Gayatri Chakravorty Spivak has written, ‘The subaltern cannot speak’. They are structurally prohibited from having any dialogue – even an unbalanced one – with the very powers that oppress them. Access to digital tools that respect our languages is crucial to communicating in the Internet age. The power to control the written word is the ability both to amplify voices and to silence them. Anyone with this power must wield it with caution.
The makeup of the Unicode Consortium is available to the public, so there is at least some transparency there. In some ways, this strikes me as closer to how French or German are governed as languages.
I generally imagine that I prefer that there isn’t really a “standard” English, allowing for a flexibility in “correctness” which I feel is valuable to the me as a speaker and as a writer.
Of course, there really is a standard, it’s just harder to pin down because there’s no one organization or website devoted to it. But it’s still there, and structurally just as problematic as the Unicode Consortium, but without any of the transparency. David Foster Wallace captured it in Tense Present:
I don’t know whether anybody’s told you this or not, but when you’re in a college English class you’re basically studying a foreign dialect. This dialect is called ‘Standard Written English. … From talking with you and reading your essays, I’ve concluded that your own primary dialect is [one of three variants of SBE common to our region]. Now, let me spell something out in my official Teacher-voice: The SBE you’re fluent in is different from SWE in all kinds of important ways. Some of these differences are grammatical — for example, double negatives are OK in Standard Black English but not in SWE, and SBE and SWE conjugate certain verbs in totally different ways. Other differences have more to do with style — for instance, Standard Written English tends to use a lot more subordinate clauses in the early parts of sentences, and it sets off most of these early subordinates with commas, and, under SWE rules, writing that doesn’t do this is “choppy.” There are tons of differences like that. How much of this stuff do you already know?

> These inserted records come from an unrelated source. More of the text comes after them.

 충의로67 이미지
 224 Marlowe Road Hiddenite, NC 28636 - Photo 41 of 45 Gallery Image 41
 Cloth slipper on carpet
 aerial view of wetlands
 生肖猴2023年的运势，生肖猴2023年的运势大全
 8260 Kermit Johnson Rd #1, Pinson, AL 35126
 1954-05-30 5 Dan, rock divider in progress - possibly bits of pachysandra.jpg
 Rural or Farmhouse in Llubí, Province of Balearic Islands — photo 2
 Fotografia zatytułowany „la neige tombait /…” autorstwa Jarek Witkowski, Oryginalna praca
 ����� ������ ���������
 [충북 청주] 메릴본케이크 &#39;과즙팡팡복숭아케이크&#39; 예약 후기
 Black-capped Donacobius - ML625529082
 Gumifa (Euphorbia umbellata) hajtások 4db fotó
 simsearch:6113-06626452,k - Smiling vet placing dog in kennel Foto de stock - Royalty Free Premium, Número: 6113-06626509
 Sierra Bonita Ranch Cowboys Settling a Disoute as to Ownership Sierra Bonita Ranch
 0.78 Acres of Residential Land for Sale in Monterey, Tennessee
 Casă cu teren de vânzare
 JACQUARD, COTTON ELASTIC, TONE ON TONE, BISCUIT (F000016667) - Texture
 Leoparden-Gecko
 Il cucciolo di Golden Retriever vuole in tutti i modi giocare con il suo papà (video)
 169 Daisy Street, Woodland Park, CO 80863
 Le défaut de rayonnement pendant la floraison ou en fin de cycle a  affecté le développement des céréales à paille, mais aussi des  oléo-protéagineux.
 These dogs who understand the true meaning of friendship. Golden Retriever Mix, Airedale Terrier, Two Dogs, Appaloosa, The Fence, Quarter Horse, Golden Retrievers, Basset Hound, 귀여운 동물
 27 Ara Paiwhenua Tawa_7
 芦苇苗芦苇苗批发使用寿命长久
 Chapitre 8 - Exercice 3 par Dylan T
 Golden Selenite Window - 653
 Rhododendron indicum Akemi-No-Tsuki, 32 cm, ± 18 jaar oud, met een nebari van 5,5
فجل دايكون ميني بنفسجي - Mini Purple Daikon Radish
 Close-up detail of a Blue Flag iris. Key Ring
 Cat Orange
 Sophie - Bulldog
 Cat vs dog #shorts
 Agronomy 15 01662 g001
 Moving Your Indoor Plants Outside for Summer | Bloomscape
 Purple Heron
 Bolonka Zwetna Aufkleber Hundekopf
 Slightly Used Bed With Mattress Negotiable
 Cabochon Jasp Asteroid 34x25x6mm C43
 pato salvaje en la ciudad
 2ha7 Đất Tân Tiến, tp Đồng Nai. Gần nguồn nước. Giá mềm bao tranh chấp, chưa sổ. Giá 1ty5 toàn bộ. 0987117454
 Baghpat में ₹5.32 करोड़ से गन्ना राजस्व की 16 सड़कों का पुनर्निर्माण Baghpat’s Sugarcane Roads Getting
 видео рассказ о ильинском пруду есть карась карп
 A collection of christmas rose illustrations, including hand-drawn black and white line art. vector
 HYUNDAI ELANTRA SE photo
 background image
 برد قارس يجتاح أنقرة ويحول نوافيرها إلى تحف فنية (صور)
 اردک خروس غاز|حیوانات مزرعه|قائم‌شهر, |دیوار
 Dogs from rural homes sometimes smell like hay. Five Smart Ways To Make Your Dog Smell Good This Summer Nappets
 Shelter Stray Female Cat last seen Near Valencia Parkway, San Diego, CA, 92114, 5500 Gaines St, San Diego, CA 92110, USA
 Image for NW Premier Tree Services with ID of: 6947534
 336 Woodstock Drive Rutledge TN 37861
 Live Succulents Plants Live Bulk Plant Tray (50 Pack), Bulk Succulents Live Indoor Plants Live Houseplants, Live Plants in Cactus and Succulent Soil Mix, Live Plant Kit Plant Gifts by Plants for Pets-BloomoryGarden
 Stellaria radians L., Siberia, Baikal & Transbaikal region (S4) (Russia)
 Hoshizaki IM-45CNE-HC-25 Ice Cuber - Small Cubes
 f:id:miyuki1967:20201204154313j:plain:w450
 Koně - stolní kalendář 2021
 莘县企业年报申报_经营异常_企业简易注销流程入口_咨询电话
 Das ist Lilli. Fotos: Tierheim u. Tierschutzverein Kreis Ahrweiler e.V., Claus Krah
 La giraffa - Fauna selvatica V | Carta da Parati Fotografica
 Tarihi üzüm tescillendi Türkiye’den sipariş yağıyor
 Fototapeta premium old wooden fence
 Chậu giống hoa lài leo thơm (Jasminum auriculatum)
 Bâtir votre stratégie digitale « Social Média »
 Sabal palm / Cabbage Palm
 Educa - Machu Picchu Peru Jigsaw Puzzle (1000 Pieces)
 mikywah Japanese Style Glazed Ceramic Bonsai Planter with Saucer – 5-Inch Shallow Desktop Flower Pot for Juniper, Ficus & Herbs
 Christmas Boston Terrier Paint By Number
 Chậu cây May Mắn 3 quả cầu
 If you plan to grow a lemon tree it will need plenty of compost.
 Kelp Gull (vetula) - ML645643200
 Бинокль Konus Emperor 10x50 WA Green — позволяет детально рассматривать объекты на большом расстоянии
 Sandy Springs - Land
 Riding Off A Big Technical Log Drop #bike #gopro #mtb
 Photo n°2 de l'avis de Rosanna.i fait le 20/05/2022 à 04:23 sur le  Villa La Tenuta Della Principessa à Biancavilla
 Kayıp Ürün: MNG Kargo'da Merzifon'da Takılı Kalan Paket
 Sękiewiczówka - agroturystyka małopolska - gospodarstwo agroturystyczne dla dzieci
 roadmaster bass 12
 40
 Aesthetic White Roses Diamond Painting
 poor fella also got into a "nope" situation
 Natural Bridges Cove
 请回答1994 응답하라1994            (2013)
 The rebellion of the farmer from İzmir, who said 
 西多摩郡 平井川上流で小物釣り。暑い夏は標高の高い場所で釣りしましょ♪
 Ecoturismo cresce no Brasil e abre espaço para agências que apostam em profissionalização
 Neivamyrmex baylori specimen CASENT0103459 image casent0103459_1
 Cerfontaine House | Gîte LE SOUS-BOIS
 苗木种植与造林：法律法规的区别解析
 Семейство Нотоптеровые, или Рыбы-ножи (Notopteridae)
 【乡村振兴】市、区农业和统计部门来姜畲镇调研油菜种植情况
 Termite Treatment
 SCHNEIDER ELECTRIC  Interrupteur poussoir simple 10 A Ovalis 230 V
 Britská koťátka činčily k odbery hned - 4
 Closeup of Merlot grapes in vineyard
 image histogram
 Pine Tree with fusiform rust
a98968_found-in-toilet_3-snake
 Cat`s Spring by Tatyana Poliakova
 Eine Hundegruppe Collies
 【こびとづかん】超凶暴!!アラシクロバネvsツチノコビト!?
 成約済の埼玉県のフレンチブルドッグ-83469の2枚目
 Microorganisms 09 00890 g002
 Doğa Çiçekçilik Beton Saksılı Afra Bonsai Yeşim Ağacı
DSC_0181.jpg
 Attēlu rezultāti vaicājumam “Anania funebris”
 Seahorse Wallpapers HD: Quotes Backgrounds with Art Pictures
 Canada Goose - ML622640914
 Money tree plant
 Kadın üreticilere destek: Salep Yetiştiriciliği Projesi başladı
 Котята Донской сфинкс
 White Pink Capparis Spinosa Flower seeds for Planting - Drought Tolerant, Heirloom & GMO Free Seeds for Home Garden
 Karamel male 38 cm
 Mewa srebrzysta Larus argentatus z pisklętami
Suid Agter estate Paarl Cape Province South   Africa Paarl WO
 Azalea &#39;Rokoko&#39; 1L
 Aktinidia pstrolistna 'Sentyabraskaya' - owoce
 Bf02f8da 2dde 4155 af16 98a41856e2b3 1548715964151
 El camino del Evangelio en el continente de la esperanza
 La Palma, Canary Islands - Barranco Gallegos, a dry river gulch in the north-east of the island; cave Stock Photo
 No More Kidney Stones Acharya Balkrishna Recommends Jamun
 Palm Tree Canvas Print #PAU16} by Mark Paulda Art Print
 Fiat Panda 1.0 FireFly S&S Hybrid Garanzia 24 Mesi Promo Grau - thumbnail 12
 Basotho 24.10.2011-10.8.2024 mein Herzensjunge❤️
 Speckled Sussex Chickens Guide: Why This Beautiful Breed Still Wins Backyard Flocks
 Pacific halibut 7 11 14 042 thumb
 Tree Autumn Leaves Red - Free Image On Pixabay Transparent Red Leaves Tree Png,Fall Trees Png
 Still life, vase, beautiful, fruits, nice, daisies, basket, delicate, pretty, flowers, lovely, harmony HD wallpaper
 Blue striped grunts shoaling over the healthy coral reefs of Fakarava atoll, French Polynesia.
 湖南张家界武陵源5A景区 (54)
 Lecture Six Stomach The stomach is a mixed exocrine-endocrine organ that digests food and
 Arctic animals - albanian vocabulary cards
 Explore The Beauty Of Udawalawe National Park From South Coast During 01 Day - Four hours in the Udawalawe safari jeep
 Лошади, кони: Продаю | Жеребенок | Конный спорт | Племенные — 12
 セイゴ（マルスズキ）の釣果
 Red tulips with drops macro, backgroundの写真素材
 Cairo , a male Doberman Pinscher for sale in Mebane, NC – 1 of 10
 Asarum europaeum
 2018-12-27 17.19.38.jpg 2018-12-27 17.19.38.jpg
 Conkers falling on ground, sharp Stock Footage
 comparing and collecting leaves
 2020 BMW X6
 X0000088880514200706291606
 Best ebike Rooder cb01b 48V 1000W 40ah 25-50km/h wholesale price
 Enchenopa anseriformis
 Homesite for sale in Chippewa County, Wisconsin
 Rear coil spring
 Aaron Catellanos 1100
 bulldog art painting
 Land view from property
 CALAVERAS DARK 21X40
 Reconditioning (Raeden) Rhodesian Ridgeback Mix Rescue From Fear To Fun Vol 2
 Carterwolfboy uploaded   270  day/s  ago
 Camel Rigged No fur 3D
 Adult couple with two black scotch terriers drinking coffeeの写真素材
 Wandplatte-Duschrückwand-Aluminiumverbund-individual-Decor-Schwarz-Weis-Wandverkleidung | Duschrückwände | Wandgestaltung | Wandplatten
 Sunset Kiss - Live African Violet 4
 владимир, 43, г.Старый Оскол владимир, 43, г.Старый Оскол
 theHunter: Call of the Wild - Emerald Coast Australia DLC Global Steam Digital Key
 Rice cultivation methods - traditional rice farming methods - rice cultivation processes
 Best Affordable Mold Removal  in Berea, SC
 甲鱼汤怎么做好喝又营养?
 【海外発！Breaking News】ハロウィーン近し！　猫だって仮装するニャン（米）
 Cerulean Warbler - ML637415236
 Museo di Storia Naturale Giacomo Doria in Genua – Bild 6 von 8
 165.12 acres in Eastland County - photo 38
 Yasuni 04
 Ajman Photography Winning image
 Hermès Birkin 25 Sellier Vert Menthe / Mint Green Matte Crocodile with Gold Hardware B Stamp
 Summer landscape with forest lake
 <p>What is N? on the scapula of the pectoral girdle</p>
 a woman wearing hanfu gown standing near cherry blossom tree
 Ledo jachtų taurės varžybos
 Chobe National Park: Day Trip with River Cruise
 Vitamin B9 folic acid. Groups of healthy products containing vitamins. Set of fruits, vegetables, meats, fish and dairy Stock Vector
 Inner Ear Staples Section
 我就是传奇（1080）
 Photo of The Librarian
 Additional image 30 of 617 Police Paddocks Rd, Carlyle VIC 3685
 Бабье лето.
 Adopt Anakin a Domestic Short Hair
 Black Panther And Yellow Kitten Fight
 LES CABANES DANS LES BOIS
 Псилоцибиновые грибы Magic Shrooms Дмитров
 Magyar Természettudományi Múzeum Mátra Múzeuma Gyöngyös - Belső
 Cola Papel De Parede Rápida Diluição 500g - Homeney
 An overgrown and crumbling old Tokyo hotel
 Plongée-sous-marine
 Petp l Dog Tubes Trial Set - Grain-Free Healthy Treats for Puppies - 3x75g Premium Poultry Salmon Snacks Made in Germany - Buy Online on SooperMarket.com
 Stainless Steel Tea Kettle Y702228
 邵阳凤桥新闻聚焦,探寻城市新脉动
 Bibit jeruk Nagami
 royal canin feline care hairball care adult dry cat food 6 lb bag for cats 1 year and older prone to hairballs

I’m respecting you enough here to give you what I believe is the straight truth. In this country, SWE is perceived as the dialect of education and intelligence and power and prestige, and anybody of any race, ethnicity, religion, or gender who wants to succeed in American culture has got to be able to use SWE. This is How It Is. You can be glad about it or sad about it or deeply pissed off. You can believe it’s racist and unjust and decide right here and now to spend every waking minute of your adult life arguing against it, and maybe you should, but I’ll tell you something: If you ever want those arguments to get listened to and taken seriously, you’re going to have to communicate them in SWE, because SWE is the dialect our country uses to talk to itself. African Americans who’ve become successful and important in U.S. culture know this; that’s why King’s and X’s and Jackson’s speeches are in SWE, and why Morrison’s and Angelou’s and Baldwin’s and Wideman’s and West’s books are full of totally ass-kicking SWE, and why black judges and politicians and journalists and doctors and teachers communicate professionally in SWE. Some of these people grew up in homes and communities where SWE was the native dialect, and these black people had it much easier in school, but the ones who didn’t grow up with SWE realized at some point that they had to learn it and become able to write in it, and so they did. And [INSERT NAME HERE], you’re going to learn to use it, too, because I am going to make you.